§ **RECORDS FOR THE TASK**

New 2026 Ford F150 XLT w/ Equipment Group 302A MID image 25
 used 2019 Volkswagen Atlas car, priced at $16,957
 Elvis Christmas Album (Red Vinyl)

--

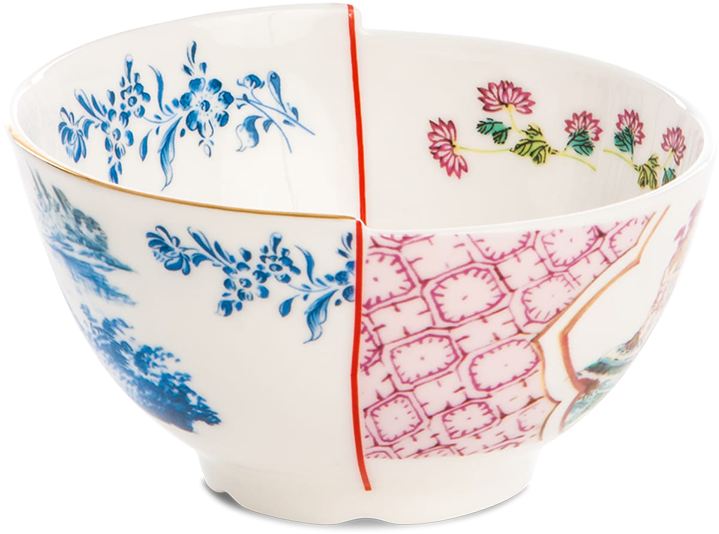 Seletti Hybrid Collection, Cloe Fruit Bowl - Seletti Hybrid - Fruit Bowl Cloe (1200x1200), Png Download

* * *

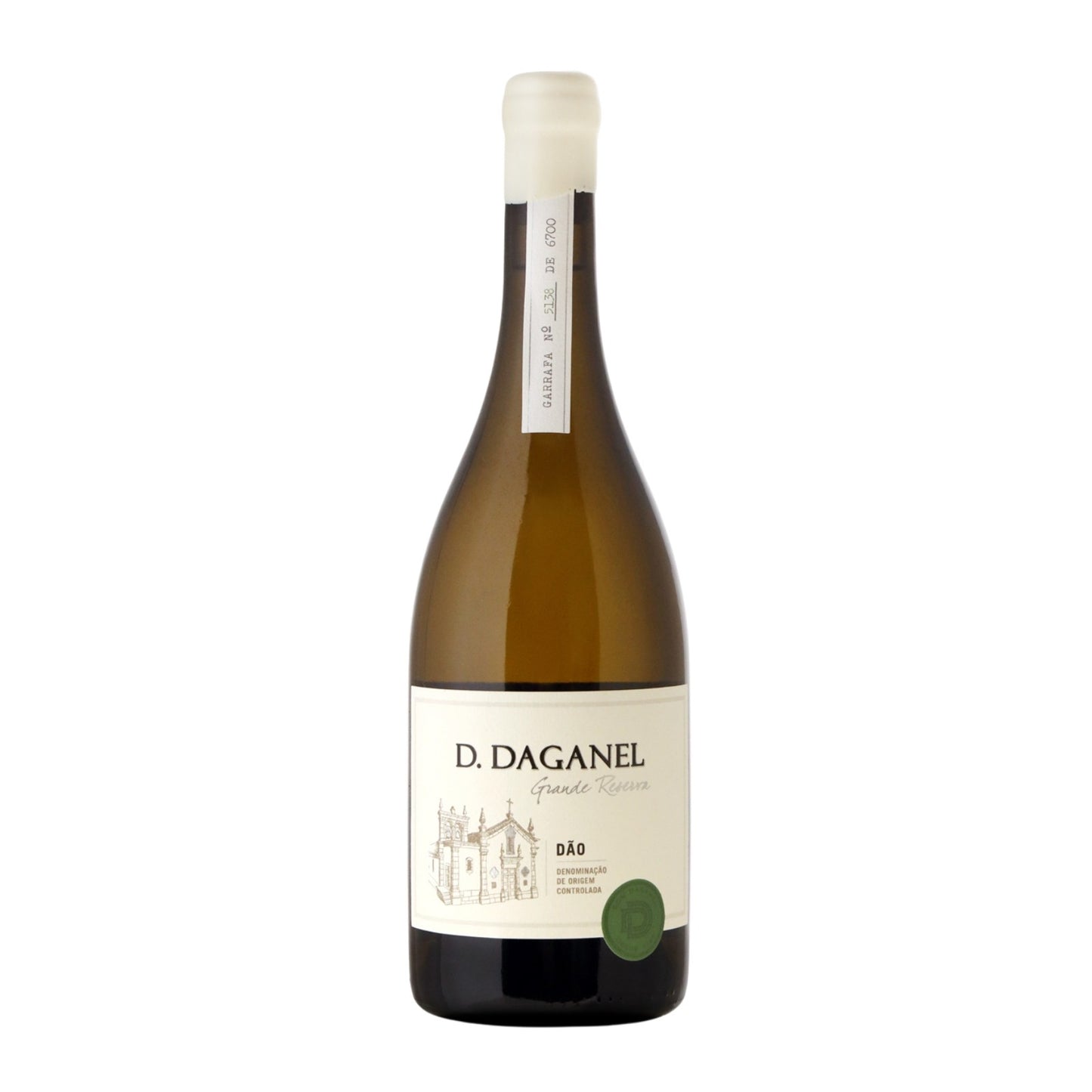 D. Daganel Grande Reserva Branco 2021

§ **WHAT TO PRODUCE**
From the data above, output only the lines between the line containing "New 2026 Ford" and the line containing "Elvis Christmas Album (Red Vinyl)", inclusive, exactly as written.

§ **OUTPUT**
New 2026 Ford F150 XLT w/ Equipment Group 302A MID image 25
 used 2019 Volkswagen Atlas car, priced at $16,957
 Elvis Christmas Album (Red Vinyl)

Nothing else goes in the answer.